And as far as Saturday is concerned, Maker sees a lot to like with Jack Spratt. “I like the fact that he has run well over the track at Turfway (second in a maiden race Sept. 19) He wasn’t always the most mature horse, but he’s gotten better. He raced well against Bittel Road (as a maiden in the Woodford Reserve Bourbon Stakes, gr. IIIT, at Keeneland last October) so I think he fits with Bittel Road and West Side Bernie.”
Among others intended for the Lane’s End, Bill Mott trainee Hold Me Back and Kiaran McLaughlin trainee A. P. Cardinal are expected to arrive at Turfway from Florida on Thursday. Mott also plans to bring J Z Warrior for the Queen Stakes, a sprint for older fillies and mares, and McLaughlin has Fitz Just Right in the Bourbonette.

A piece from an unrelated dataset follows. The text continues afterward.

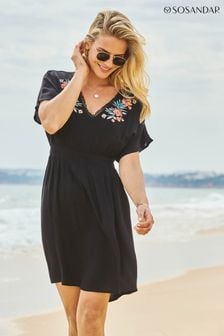 Sosandar Black Embroidered Floral Detail Tie Back Beach Kaftan (N62302) | $72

Following are other contestants for undercard races

$100,000 Rushaway Stakes (1 1/16 miles for 3-year-olds)
Dueling Alex (trainer Cam Gambolati)
Fitzaslew (Ken McPeek)
Gresham (James Baker)
Ninth Client (D. Wayne Lukas)
No Inflation (Tom Proctor)
Sundays Baby Grand (Jackie Christenson)
Toccet Rocket (Brian La Mew)
Ziegfeld (Dale Romans)

$150,000 Bourbonette Oaks (gr. III, one mile, for 3-year-old fillies)
Fitz Just Right (Kiaran McLaughlin)
Hot Cha Cha (Phil Sims)
Instrumentalist(Tom Drury Jr.)
Ocoluna (Darrin Miller)
Step Out Smartly (Rusty Arnold)
Stone Legacy (D. Wayne Lukas)
Super Poni (Keith Chudzik)
Walloon (Katherine Ball)

$50,000 Hansel Stakes (six furlongs for 3-year-olds)
He Ain't Right (Bill Denzik Jr.)
King Puma (Kelly Breen)
Music City (Bill Helmbrecht)
Rudy Flyer (Bill Connelly)
Shanes Gold (John Good)
Turfiste (Bob Holthus)

$50,000 Queen Stakes (six furlongs, fillies and mares, 4-year-olds and up)
Hadavision (Mike Maker)
Just for Keeps (Mike Maker)
Miss A. Bomb (Phil Sims)
Natalicat (Tim Schuh)
Proud Heiress (Wayne Mogge)
Tactical Candy (Luis Seglin)
Tosca's Kiss (David Ashcraft)
Victorianna (Eddie Kenneally)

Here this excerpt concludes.